For the rest nothing much seemed to be happening in the region. There may have been a good reason for that. Although Mari-B had contributed to the development of a gas market in Israel, the Israeli government froze offshore exploration activity between 2000 and 2006. According to a recent article in Offshore magazine, this freeze was intended to give the government the time to amend its regulations, which dated back to the 1950s, and to raise production royalties. Once exploration was allowed again, activity slowly re-started offshore Israel by small local and foreign independents. They had several targets, among them a field called Tamar.
In 2009 came the breakthrough: Noble Energy announced that Tamar was confirmed as a major gas field. With an estimated 238 bcm of in-place gas resources it was the largest deepwater discovery in the world for that year. Tamar was followed by the smaller Dalit discovery – 14.2 bcm, closer to the coast, again by a consortium led by Noble Energy. Then, at the end of 2010, Leviathan was announced – the new field, located 130 km west of Haifa (in Israel), contains an estimated 453 bcm of gross mean gas resources.

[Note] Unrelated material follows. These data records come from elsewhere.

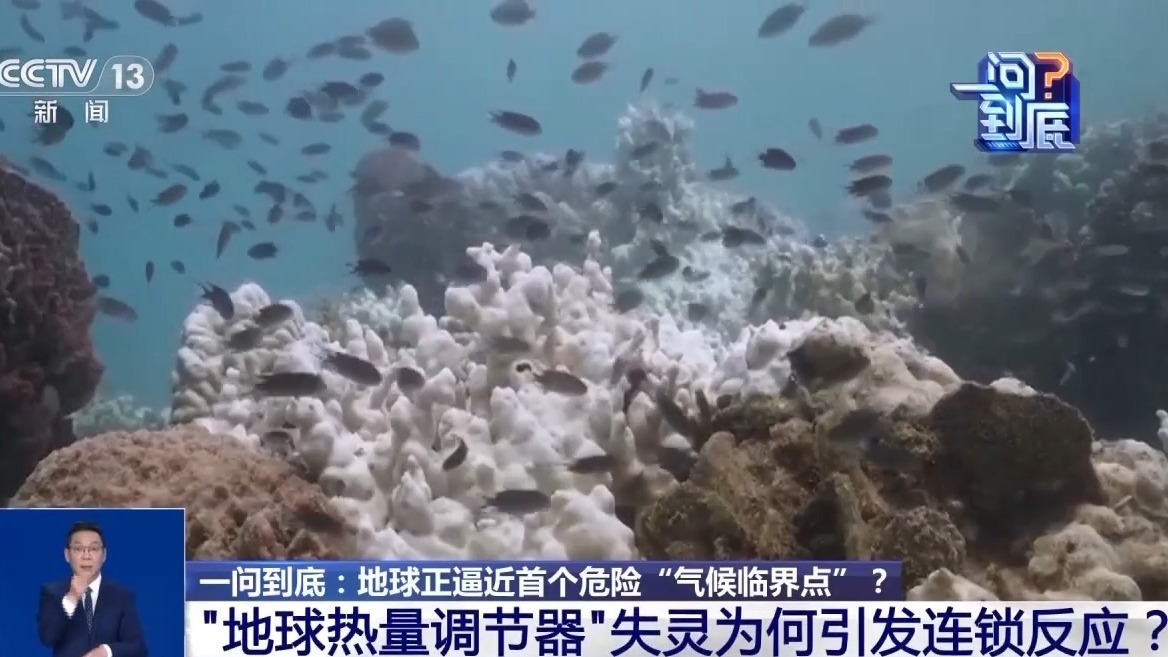 地球正逼近首个危险“气候临界点”，会带来哪些影响？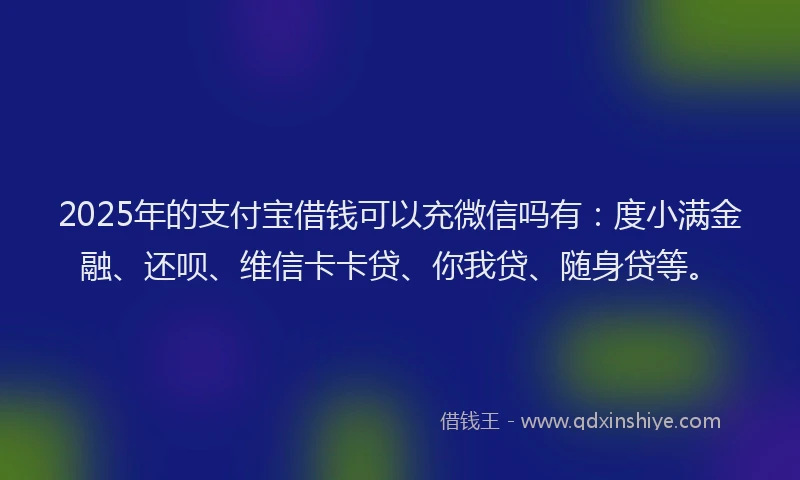 2025年的支付宝借钱可以充微信吗有：度小满金融、还呗、维信卡卡贷、你我贷、随身贷等。
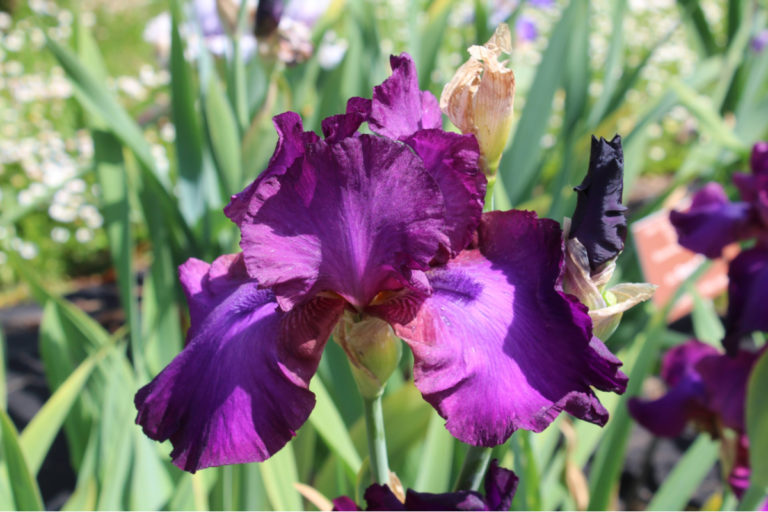 How To Care For Irises After Blooming - Not Just Deadheading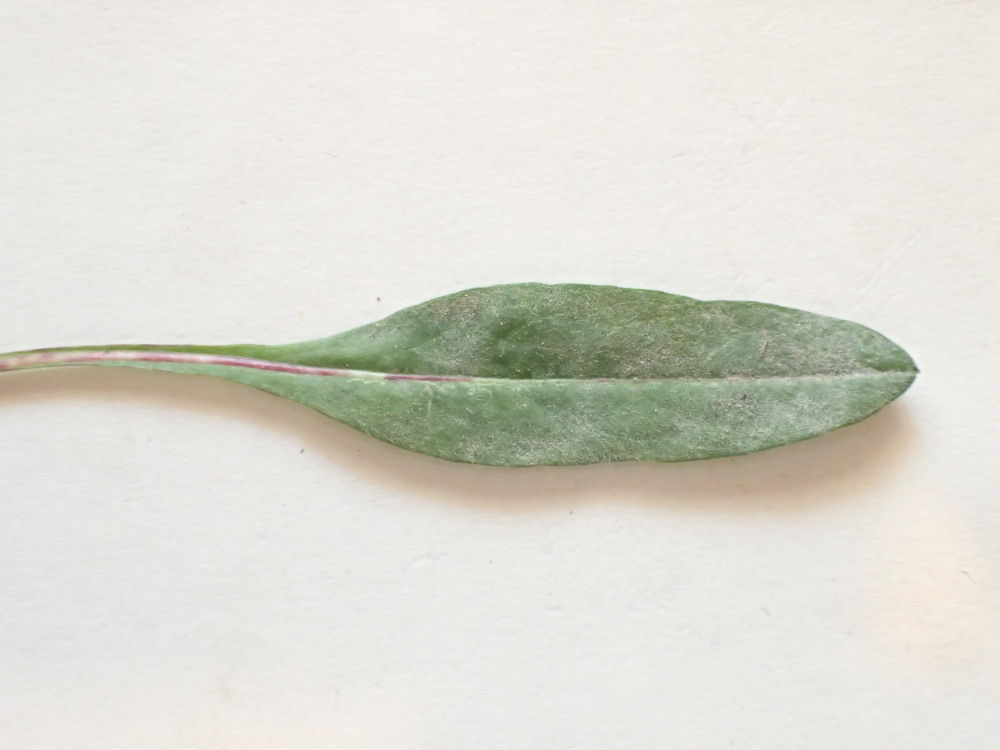 Erysiphe knautiae
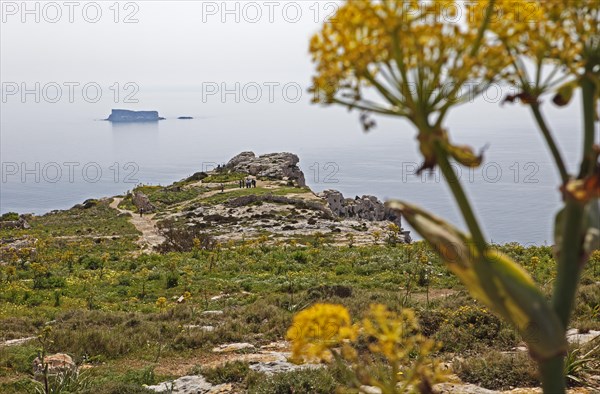 Rock plateau out to sea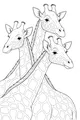 Triple Tall Giraffe Gathering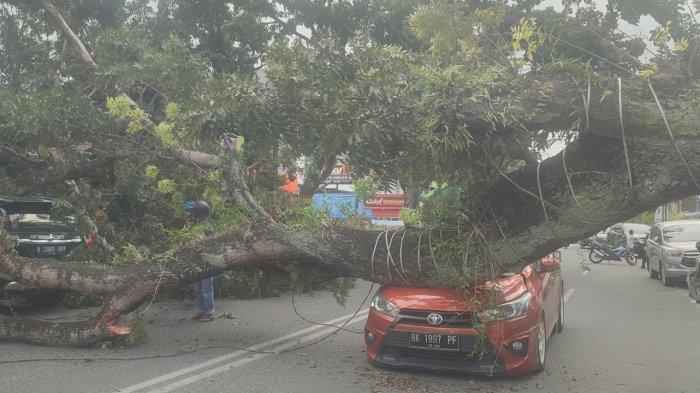 Pohon tumbang di Jalan Abdullah Lubis, tepatnya di depan Mie Ayam Jamur Mahmud Kecamatan Medan Baru, Minggu (15/12/2024).
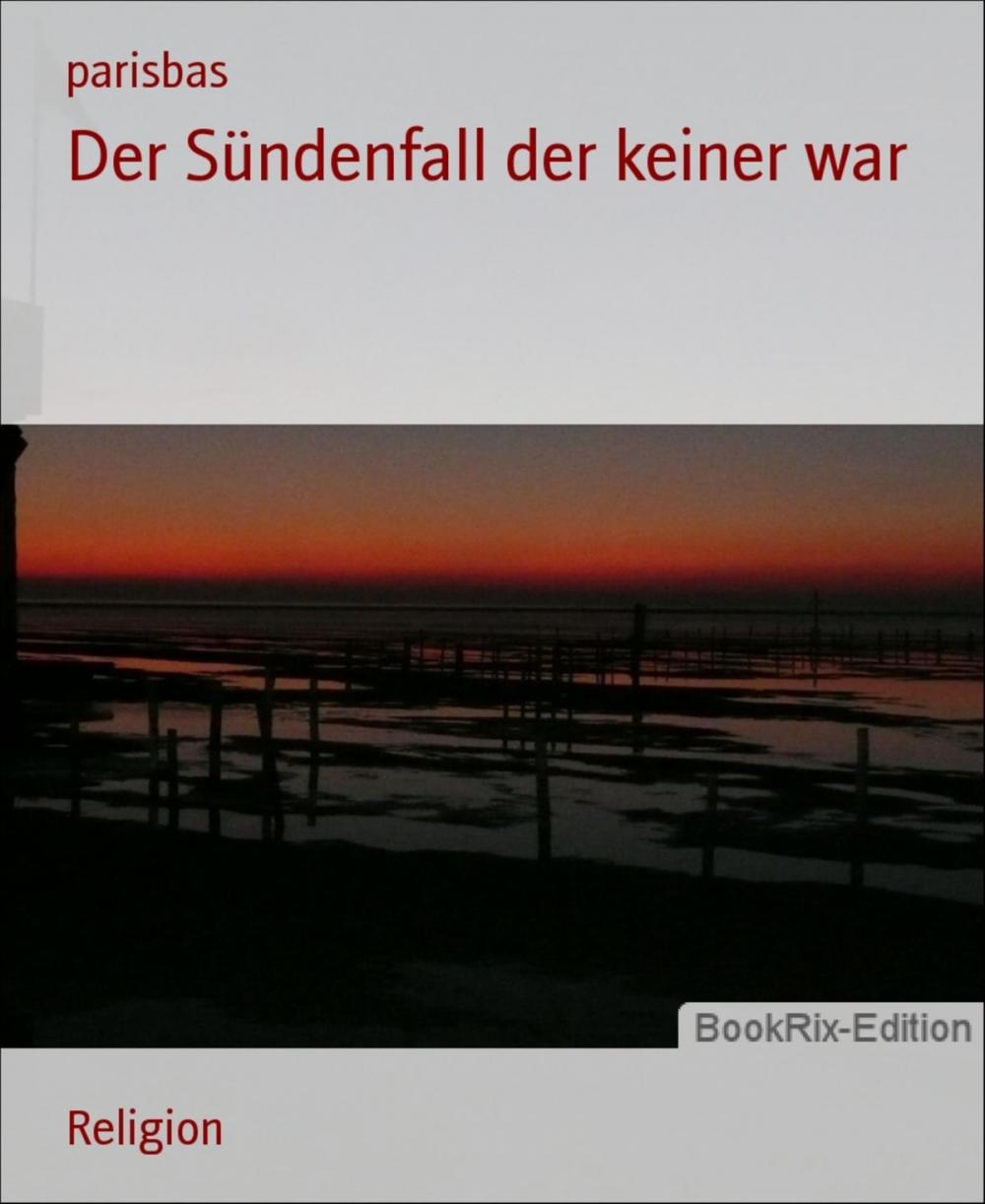 Big bigCover of Der Sündenfall der keiner war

Leviathan, discovered by a consortium led by the same Noble Energy, is the world’s largest deepwater
|The significance of the recent discoveries goes far beyond their direct economic benefits. They will have a major impact on the already complex geopolitical landscape of the region - and on Europe's larger energy equation|
Tamar, Dalit and Leviathan have sparked an exploration frenzy offshore Israel. The next targets are called Gabriella, Myra, Samuel, Sara, and Shemen. Raising the stakes, USGS has estimated in a March 2010 report the undiscovered technically recoverable reserves of the Levant Basin at 3,465 bcm, equivalent to 55% of the undiscovered technically recoverable reserves of the neighboring Nile Delta Basin, as well as 1.7 billion barrels of oil – almost equal to those of the Nile Delta Basin.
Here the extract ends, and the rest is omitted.